I started making the back garden soon after I started teaching, more than thirty years ago. Our back fence abuts a city park to the east. To the south is a community orchard and on the north a year around creek separates our parcel from our neighbor. Our place is a a little cracker box of a warehouse, 40 by 80 feet situated in the southwest corner of our 100 feet wide by 120 feet deep lot. It isn’t large by rural standards but is unusually large by suburban standards and we have far more open ground than neighboring commercial buildings.

View attachment 253293

The second one is centered on the back garden and the first drawing, showing the side garden m, has been rotated 90 degrees from its orientation in the other drawing.

View attachment 253292

To give you a feel for it now here is a short video I took two years ago walking out the side doors, heading out to the back garden as far as to the pond where a hummingbird working over a red flowering Salvia wagneriana and a mostly orange colored Lobelia aguana seemed like a natural place to end it.

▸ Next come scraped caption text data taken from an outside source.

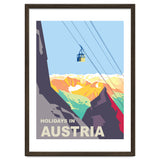 Holidays In Austria thumbnail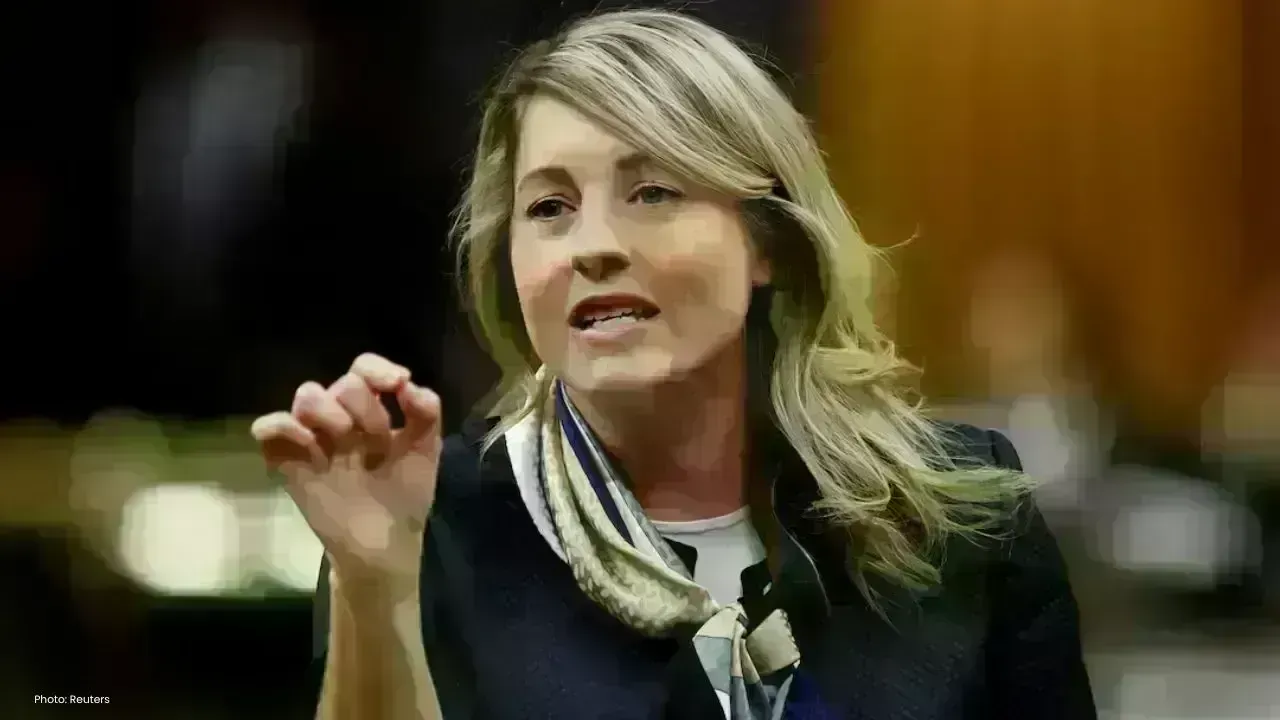 Canada Counters Stellantis Over Production Shift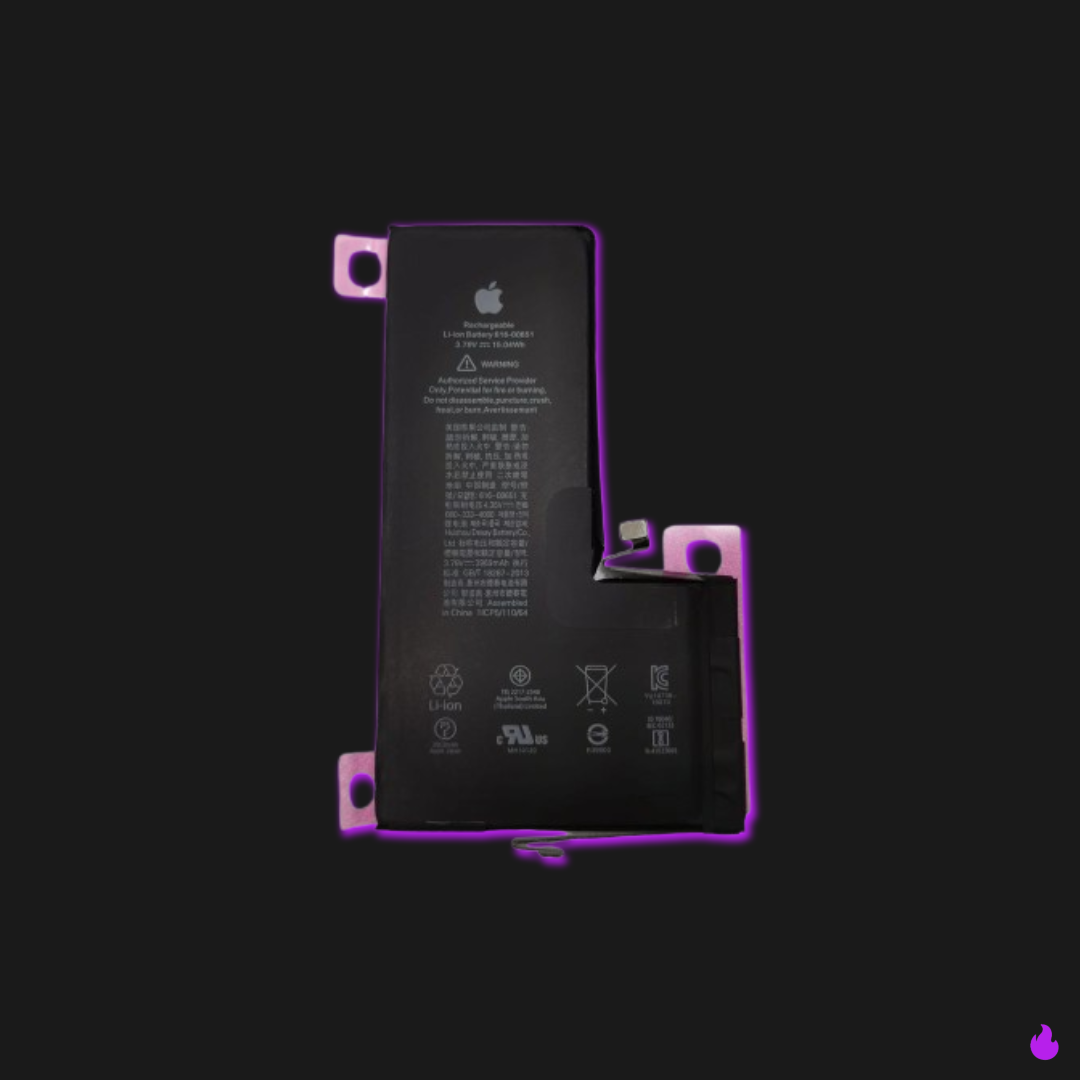 Bateria iPhone 11 Pro Max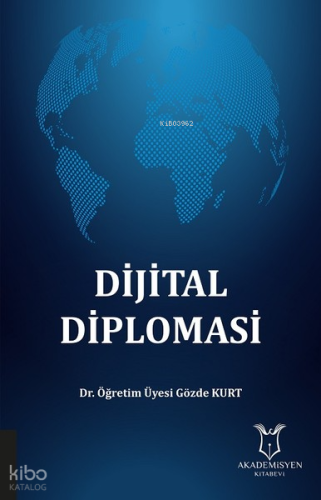 Dijital Diplomasi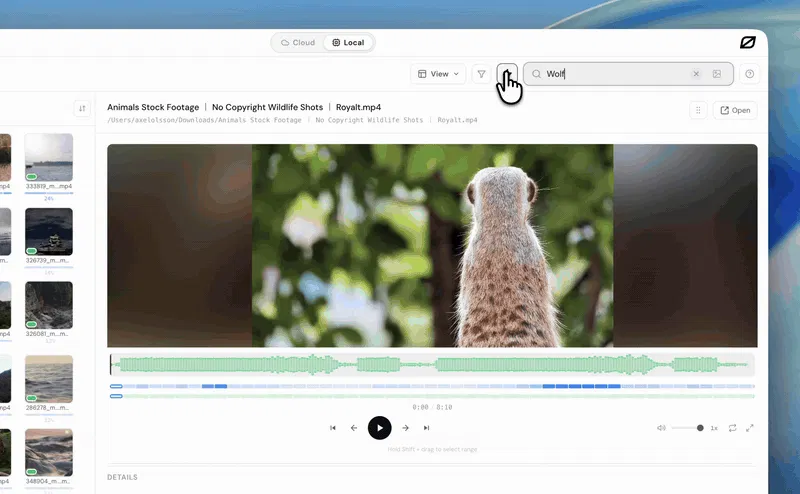 Vextore screenshot 7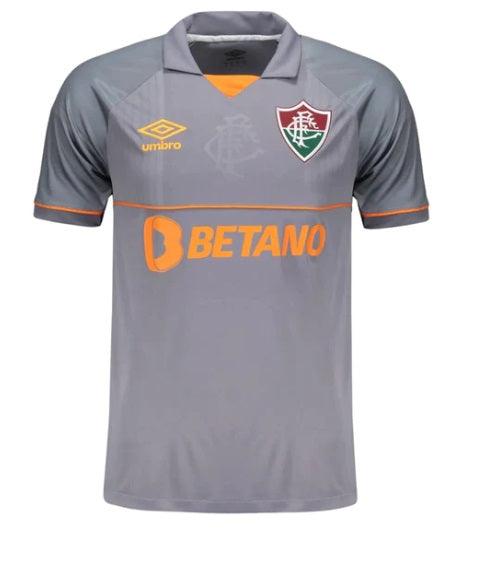 Fluminense 2023/24 Jersey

Beautiful area, love your video,
 
On January 11 of 2010 I had three big rocks delivered and hired four strong young guys to help me get them into position, two just inside the birches and one beside the pond. I was thinking at 57 I’d get to be the gentleman customer and just point to where I wanted them to go. But it soon became clear that unless I added in my max effort it wouldn’t happen, but each of them contributed more oomph I believe the largest weighed 1500 pounds and barely made it between those trees.

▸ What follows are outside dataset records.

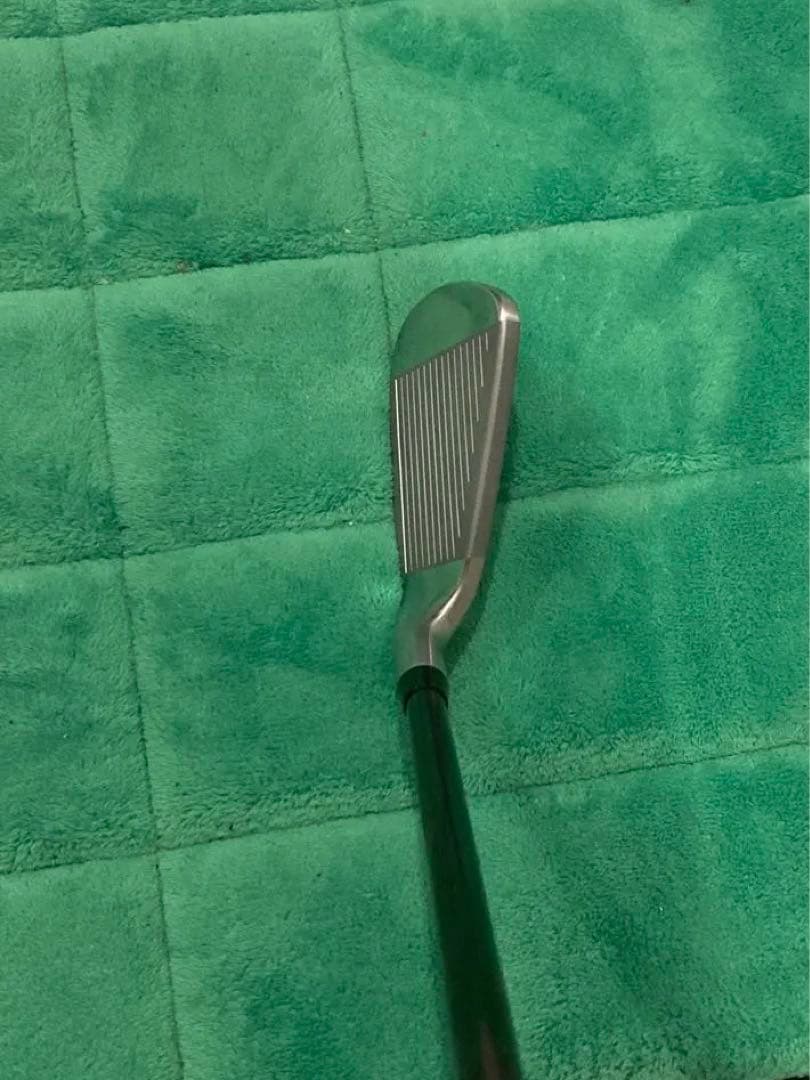 Yamaha Single Irons Rmx Dd-2 7 R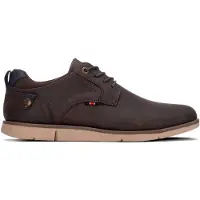 Refresh 17670902 Shoes Marron EU 44 Homme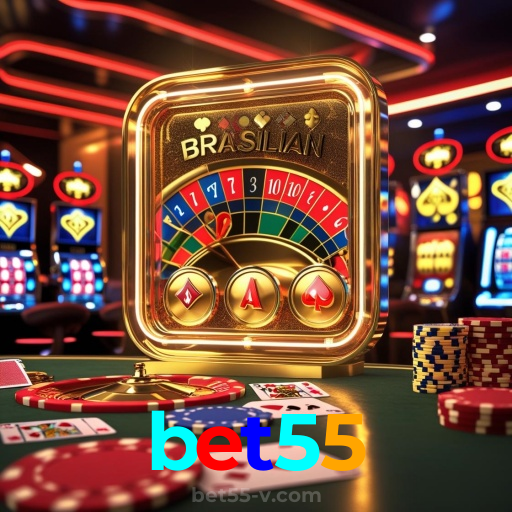 bet55:As melhores slots para você! Aposte e ganhe agora!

By February first most of the plants for that area were settled in. The rough hewn redwood bench you see in the first video is inside getting coats of sealent on this day.


All three rocks along with handsome Fletcher can be seen in this photo a couple weeks later.

1675074890492.jpeg

1675075452658.jpeg


1675074990726.jpeg

By March it starts to feel more and more like the pond and rocks had always been there. The next photo is one of my favorites

1675075131000.jpeg

The redwood slab bench did finally get installed as you can see.

1675075515933.jpeg
 
Thank you for sharing this, Jamala. I do like the look - sort of enhanced natural feel with a sense of spaciousness. We plantaholics can wind up with gardens that feel like warehouses for plants if we're not careful.. I zealously guard my open space and also my remaining areas of more sunny exposure. It can be tough get those back.

I visit a lot of gardens and know some folks with just amazing gardens. There isn't a single measure applicable to all gardens and I also enjoy seeing designs I wouldn't choose for myself. We used to do a big yearly drop-in event for friends and neighbors before the pandemic and my wife's ailing health put an end to that. Now we do a few smaller gatherings.
Looking forward to more pictures Mark!
 
I take it you missed the floods we are reading about?

Not exactly.


First one shows our back gate (briefly) from in the park on the other side of the creek. The second shoes the park from near our back gate on a bright morning.


Always happy for the garden to get rain but so many days with no sure dry window for a good walk with the dogs.